New Hall Mill

New Hall Mill, a Grade 2 listed building, is one of only two water mills still surviving in the Birmingham area. The Mill and its meadow field are privately owned and managed by the New Hall Water Mill Preservation Trust, Registered Charity No. 502226.

Although surrounded by but not part of the New Hall Valley Country Park, the Mill is only open to the general public on specific Open Days, or by prior arrangement.

Now restored to a working condition, New Hall Mill is located off Wylde Green Road, Walmley, Sutton Coldfield, in the West Midlands area of central England. It is a significant local example of our industrial heritage and has been described as 'Sutton's little gem'.

The present structure dates from the 18th century, although some parts are much older. In the past the mill had two internal waterwheels but now, after rebuilding, the power required to drive the present two pairs of millstones is derived from a single external overshot waterwheel, with most other items of the various milling machinery being powered by a Ruston Hornby diesel engine. A Diagram of the Mill shows the major items of the milling machinery that are in use during Open Days.

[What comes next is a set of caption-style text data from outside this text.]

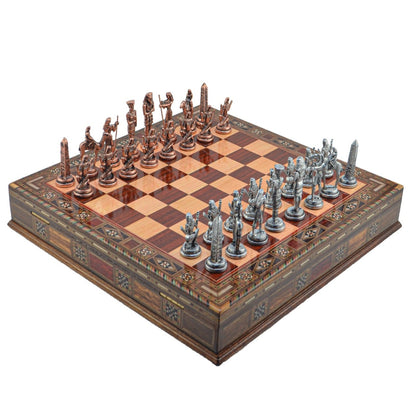 Egyptian Pharaoh Metal Chess Set – Handmade Box or Drawer Solid Wood Chessboard, 38 x 38 cm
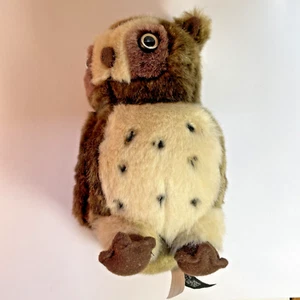 Unipak Designs Biggie Owl 7" Plush Realistic Stuffed Animal Brown NWT - Picture 1 of 8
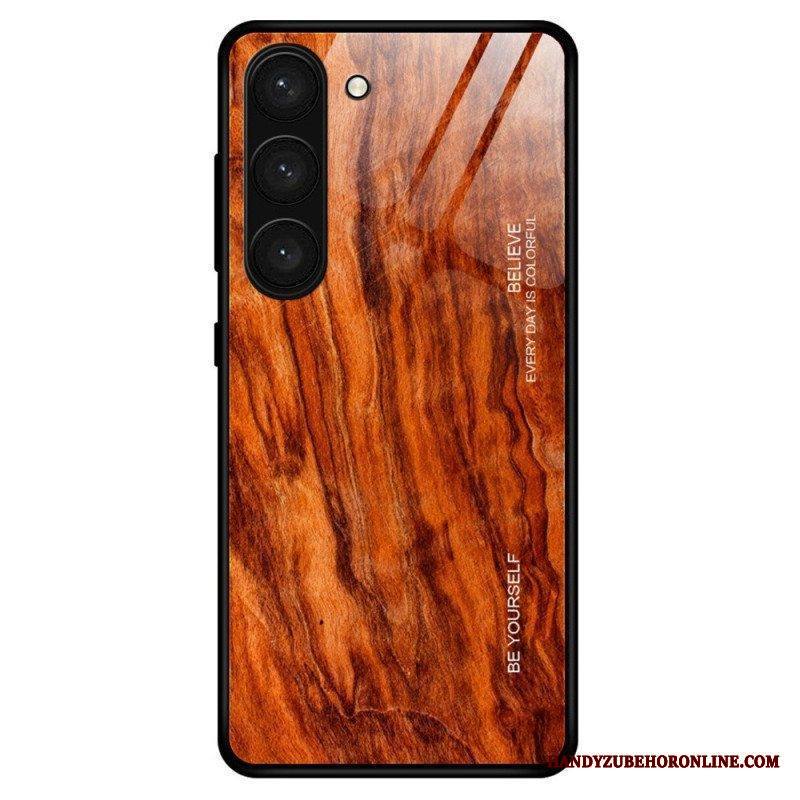 Kuori Samsung Galaxy S23 Plus 5G Wood Design Karkaistu Lasi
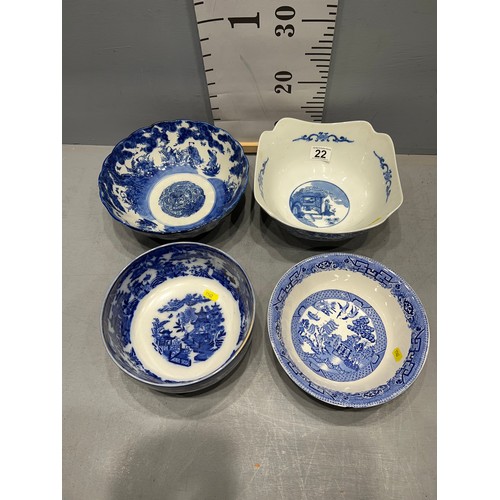 22 - 4 Blue white oriental etc bowls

The Friends of New Hall Mill maintain the Mill in a working condition and operate it during the regular Open Days. Visitors are then able to explore the mill at their own pace to watch the wheat being milled into flour using water power and mill stones in the traditional manner. They can also explore the Cartshed and it's contents, visit 'Auntie Wainwrights' to hunt for a bargain, take a walk around the Miller's Garden, the Mill Meadow with the Wild Flowers, Jubilee Hedge and the Tree Trail, or the small Woodland Walk. Afterwards a visit to the Tea Room can offer a selection of cakes, snacks, drinks and ice-creams. Seating is available outside at picnic tables or inside in poorer weather. Toilets, including a 'disabled' one, are located in the same building.